When I want the LLM to write code for me; I don’t just provide a two-sentence prompt and hope for the best. I will have a long conversation with the LLM, often taking a couple of hours (or more), to analyse requirements, generate a plan, review implementation details, confirm testing methodology, and finally to proceed with the actual work of writing code. With all of that preparation, the results I get back are almost always production quality. The results are better than I would have if I spent a few days (or weeks) writing the code myself. But it’s my decades of experience that allow me to work with the LLM and understand all the nuances of the planning stage, and make the critical decisions that will result in a quality outcome.
Exactly. But who is going to have that experience 20 years from now?
I’m reminded of another industry that has gone through similar knowledge loss, without apparent consequences - structural engineers. Over 20 years ago, the engineers had to understand all the finer details of stresses, materials, etc - along with all the mathematical equations to ensure compliance was met. Today, the engineers are taught how to use software that handles that responsibility.
The knowledge isn’t completely lost (at least I hope not) since the software writers must have the deeper understanding. But the actual bridge builders have lost that knowledge. The same will happen with software engineers too.
But what about combining those two; LLM’s writing software to design bridges - who has the knowledge then? But in reality, it will be LLM’s (or more likely LWM’s) that design the bridges, skipping the software in between completely.
Large World Model
Well, great. Now I’m going to have to avoid bridges for the next few decades.
I think Xcode is still required to test and deploy your app, if you want to make an app with AI then you can use the Cursor IDE along with Ccode. You can find hundreds of tutorials to make apps with xcode and cursor.
Yes, if you want to make a native iOS app, you have to work in Xcode. Beyond Better makes that possible by editing the Xcode project files on disk directly, but I still run the code from Xcode after every pass.

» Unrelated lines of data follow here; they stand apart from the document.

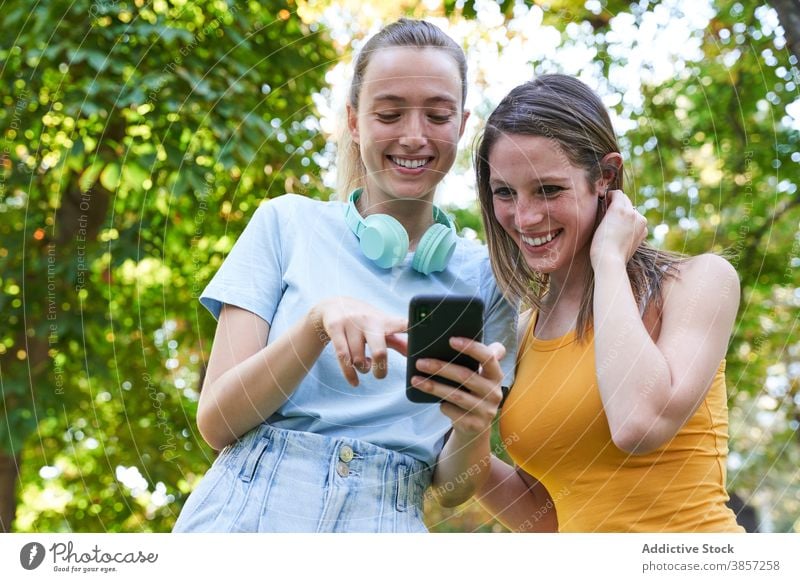 Weibliche Hipster mit Smartphone beim Spaziergang in der Stadt Freundin benutzend diskutieren Straße teilen Zusammensein Mobile Telefon heiter Lachen Mädchen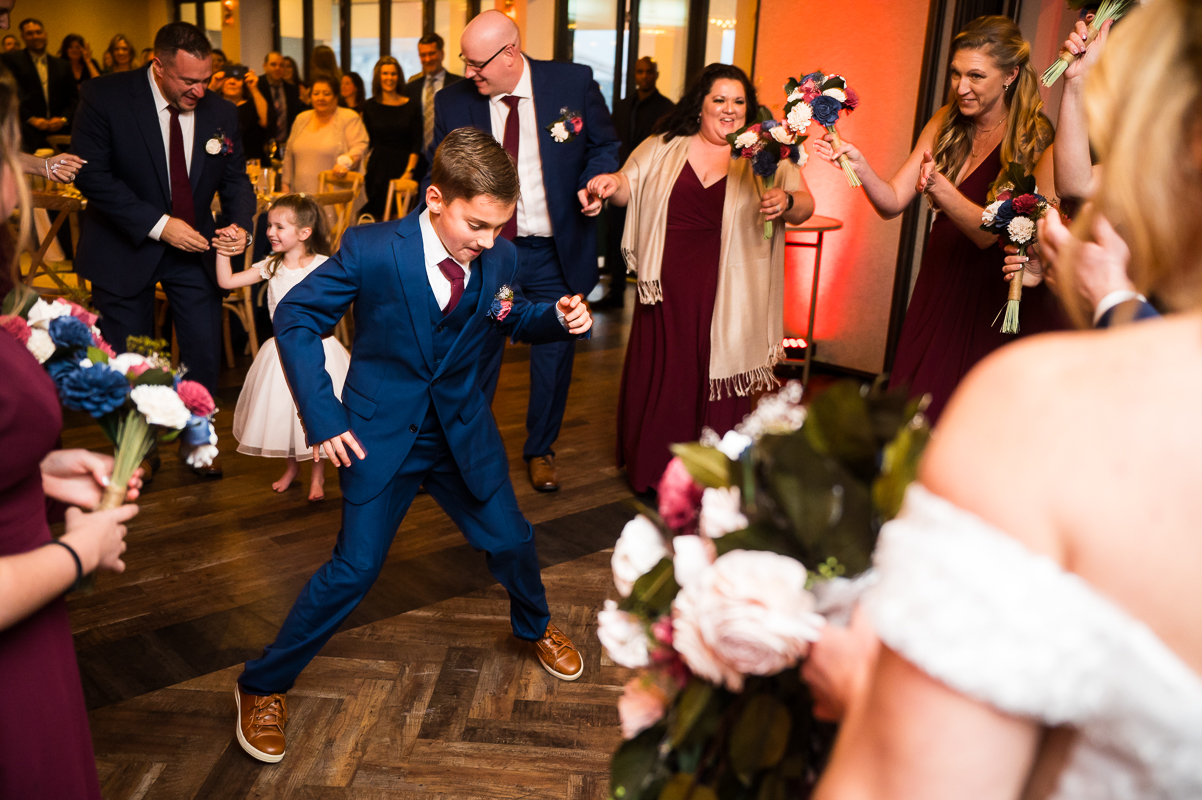best nj wedding reception photographer, rhinehart photographer, captures this vibrant, colorful fun image of guests and children as they dance together during this fun wedding reception at the reeds in stone harbor New Jersey 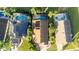 Aerial view showcasing three homes with pools and solar panels at 223 Lake Davenport Estates, Davenport, FL 33897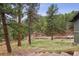 Wooded backyard with mature trees and a wooden bridge, view from upper level at 94 Spring Ln, Boulder, CO 80302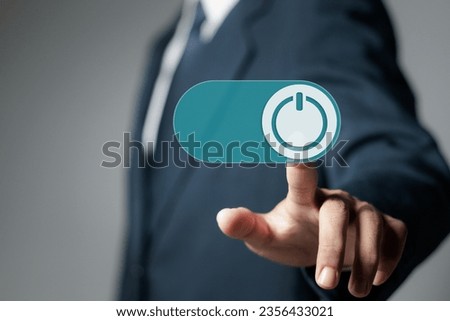 businessman pressing power button. Start or shut down concept.	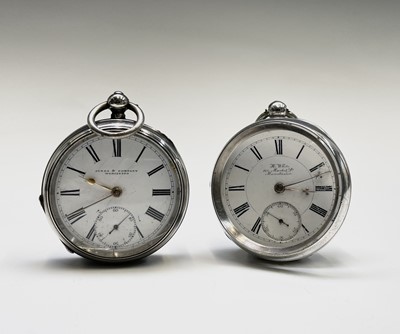 Lot 43 - Two silver key wind pocket watches The first...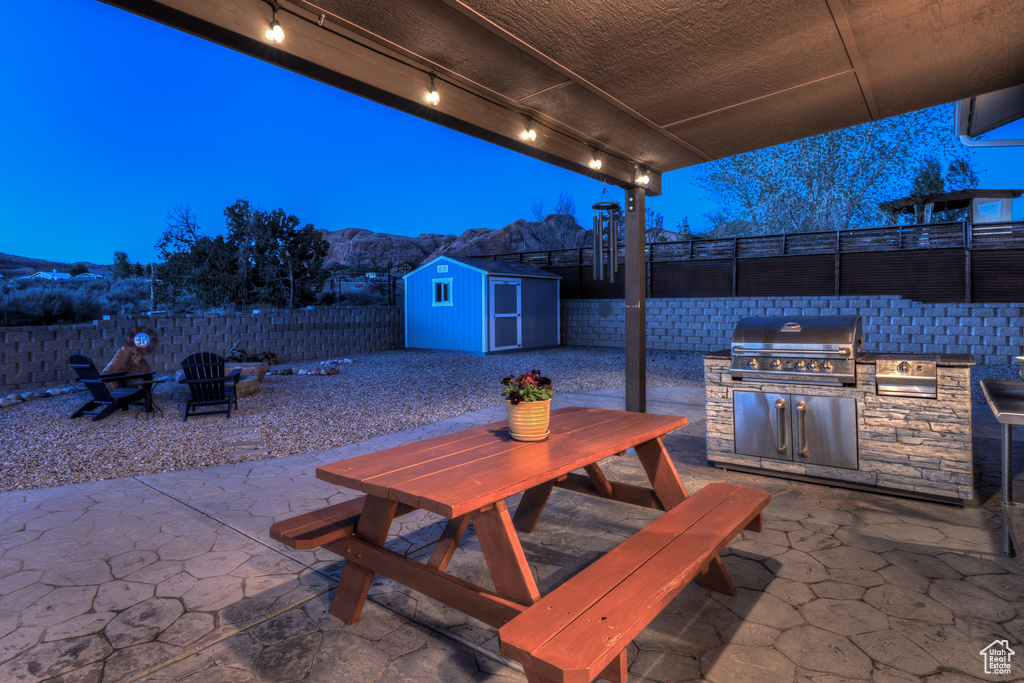 View of terrace with grilling area, a mountain view, exterior kitchen, and a storage unit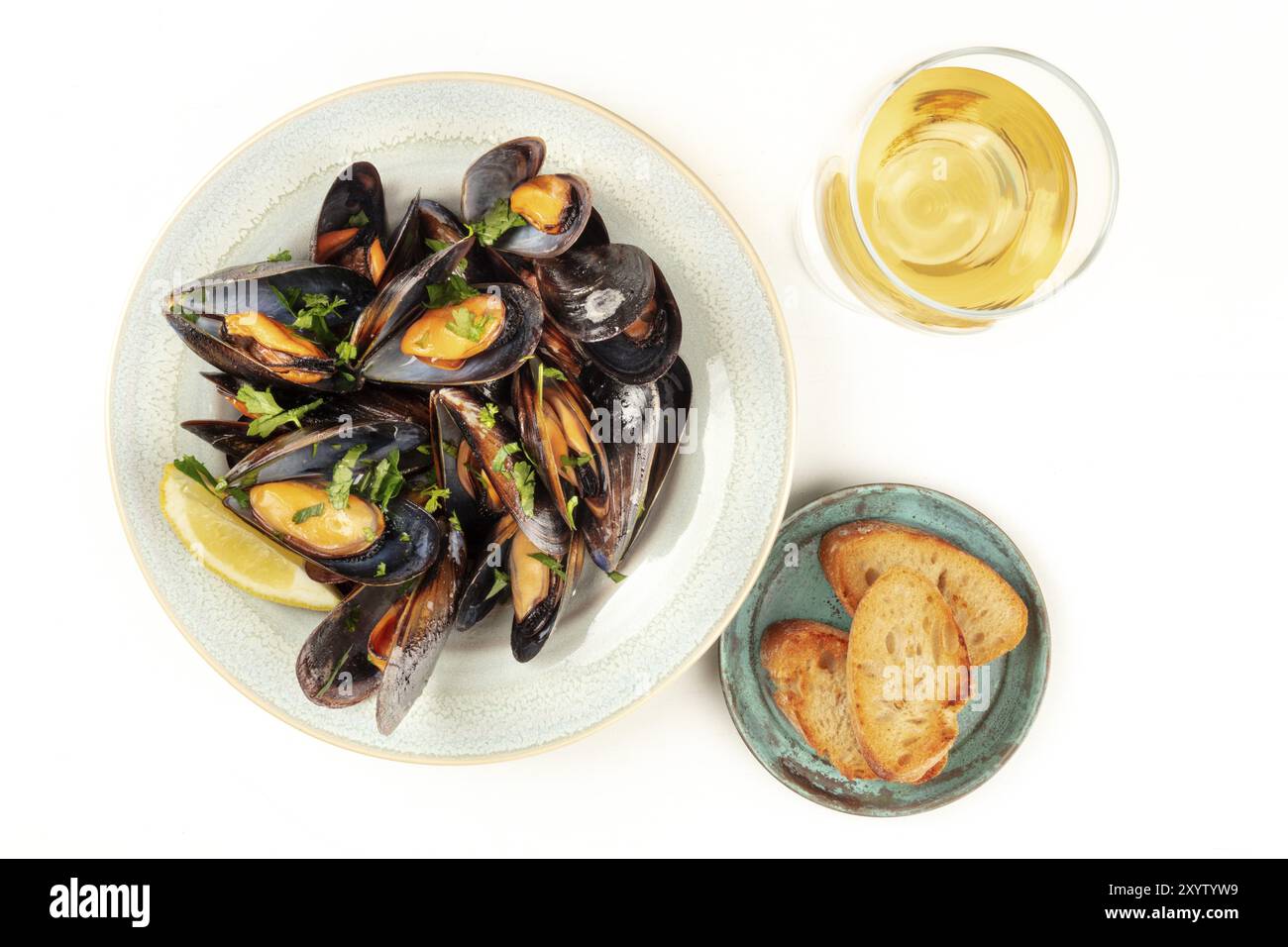 Cozze alla marinara, moules mariniere, ripresa dall'alto su un fondo bianco con un bicchiere di vino, pane tostato e un posto per il testo Foto Stock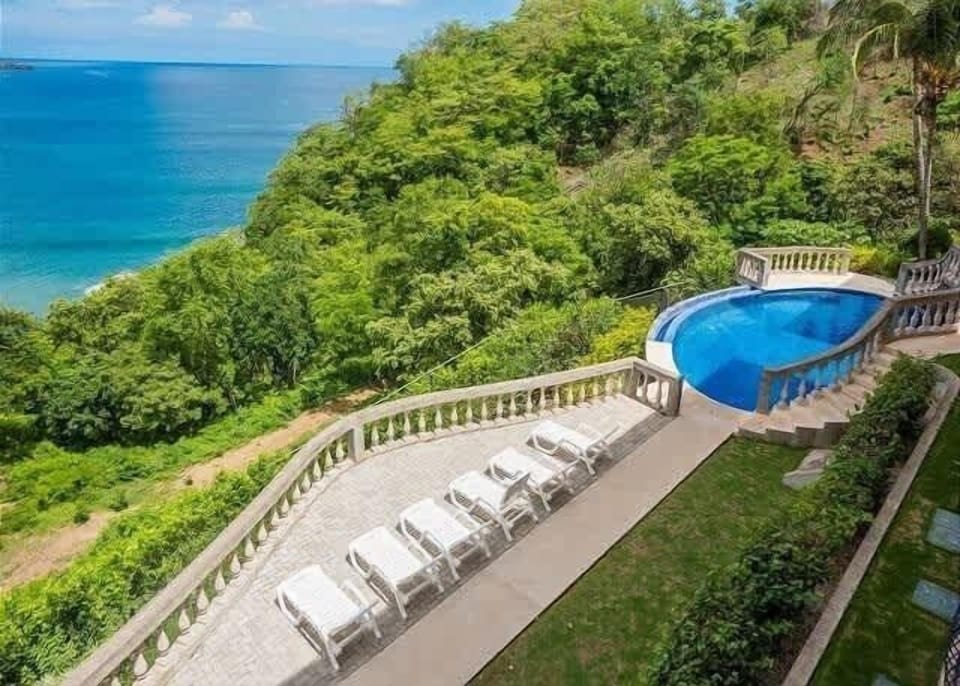 Spacious pool terrace with sun loungers and panoramic views.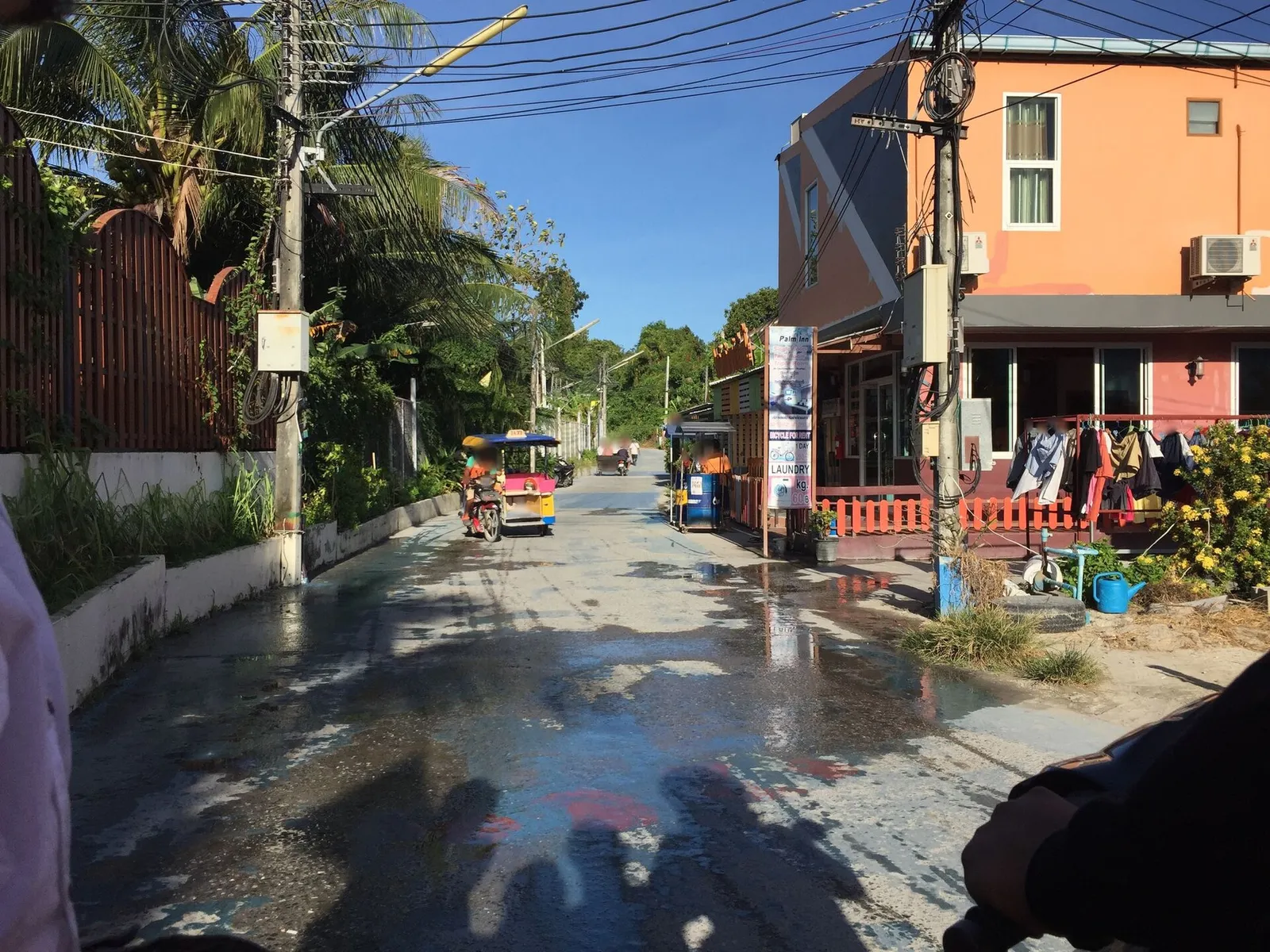 Paved street with shops and a tuk-tuk on Koh Lipe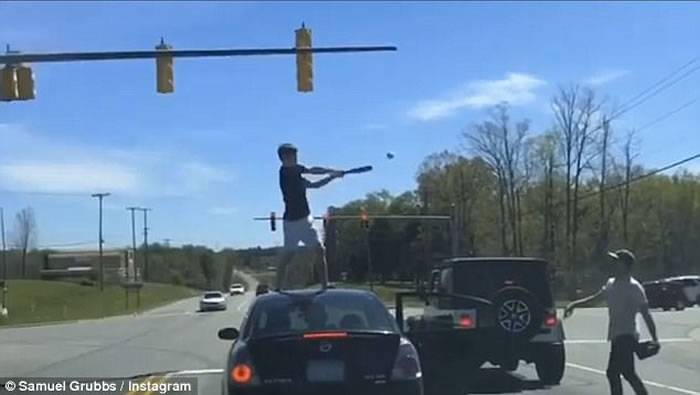 美国北卡罗莱纳州青年恶玩“红灯棒球” 击中后跳上别人车顶庆祝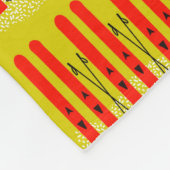 Rode ski's op geel fleece deken (Hoek)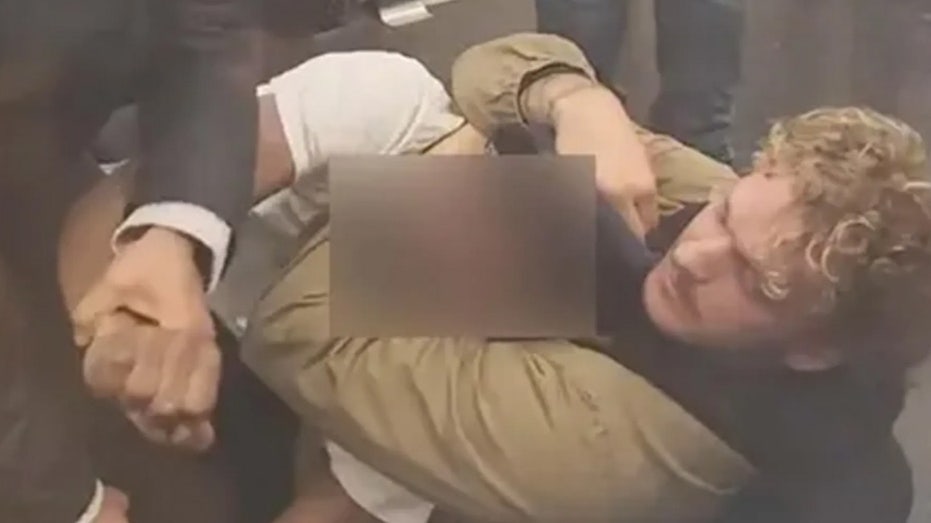 Daniel Penny shown holding Jordan Neely in a chokehold.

Xcode 26 introduced AI integrations with ChatGPT and Claude (you can also add your own model provider). I’ve been using the ChatGPT integration, and have to say that model has come a long way since I first started asking it coding questions a couple years ago. Being integrated within Xcode makes it easy to say “take a look at this entire project, and point out areas for improvement.” But in my experience, it still takes some (actually, quite a bit of) fluency in Swift/SwiftUI to be able to end up with a useful product. Give you a leg up? Suggest an approach to a problem you hadn’t thought of? Absolutely. But it still gets lost in the weeds pretty routinely.